* [Dataset section]
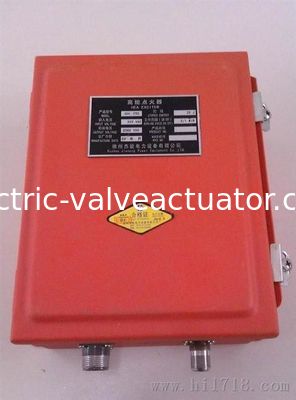 अच्छी कीमत XDH श्रृंखला XDH-20C उच्च ऊर्जा इग्निशन डिवाइस AC 220V XDZ-1 इग्निट रॉड स्पार्क रॉड हाई वोल्टेज केबल ऑनलाइन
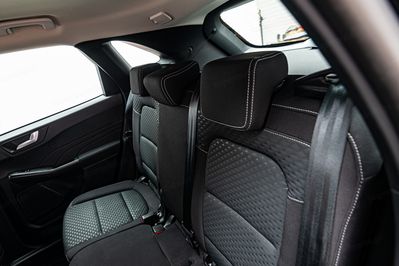 Ford Kuga 1.5 EcoBoost Cool&Connect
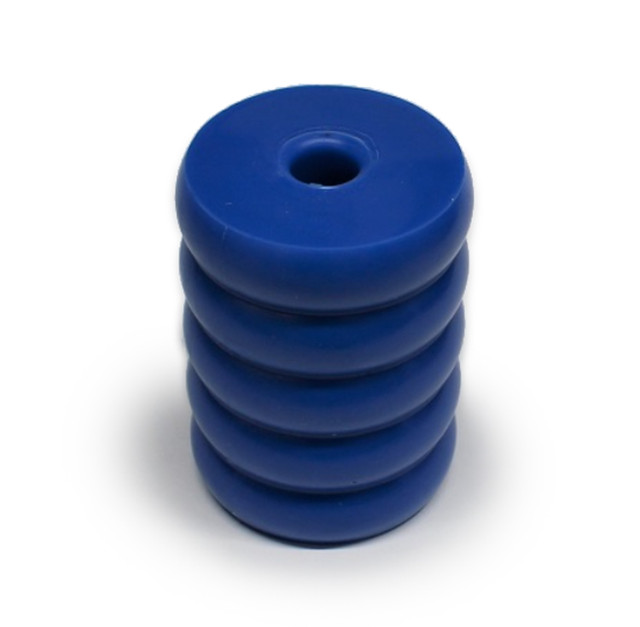 Wehrs Machine Bushing Pull-Bar Blue 3-60 / 2-80 Duromter WM660B-1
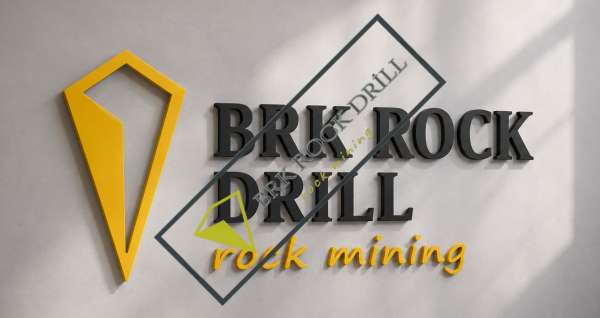 HD612-01310 - FURUKAWA - HD300 - HD715 - HD609 - HD712 - HD709 - ROCK DRILL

* [Instructions to follow] Copy out nothing but text: transcribe the listing exactly and skip each picture.

* [Response to the exercise]
 अच्छी कीमत XDH श्रृंखला XDH-20C उच्च ऊर्जा इग्निशन डिवाइस AC 220V XDZ-1 इग्निट रॉड स्पार्क रॉड हाई वोल्टेज केबल ऑनलाइन
 Ford Kuga 1.5 EcoBoost Cool&Connect
 Wehrs Machine Bushing Pull-Bar Blue 3-60 / 2-80 Duromter WM660B-1
 HD612-01310 - FURUKAWA - HD300 - HD715 - HD609 - HD712 - HD709 - ROCK DRILL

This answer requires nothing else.